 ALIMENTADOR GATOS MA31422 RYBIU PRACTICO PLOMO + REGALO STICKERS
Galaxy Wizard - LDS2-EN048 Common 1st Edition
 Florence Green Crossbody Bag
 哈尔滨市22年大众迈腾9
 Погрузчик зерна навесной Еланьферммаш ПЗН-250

....

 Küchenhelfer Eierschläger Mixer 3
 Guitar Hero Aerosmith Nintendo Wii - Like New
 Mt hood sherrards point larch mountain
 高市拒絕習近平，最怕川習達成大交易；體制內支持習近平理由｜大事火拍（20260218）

....

* TRY IT
What you give back should be only the lines of the records above, starting at the line with "ALIMENTADOR GATOS MA31422" and ending at the line with "Погрузчик зерна навесной", restated word for word.

* EXERCISE RESULT
 ALIMENTADOR GATOS MA31422 RYBIU PRACTICO PLOMO + REGALO STICKERS
Galaxy Wizard - LDS2-EN048 Common 1st Edition
 Florence Green Crossbody Bag
 哈尔滨市22年大众迈腾9
 Погрузчик зерна навесной Еланьферммаш ПЗН-250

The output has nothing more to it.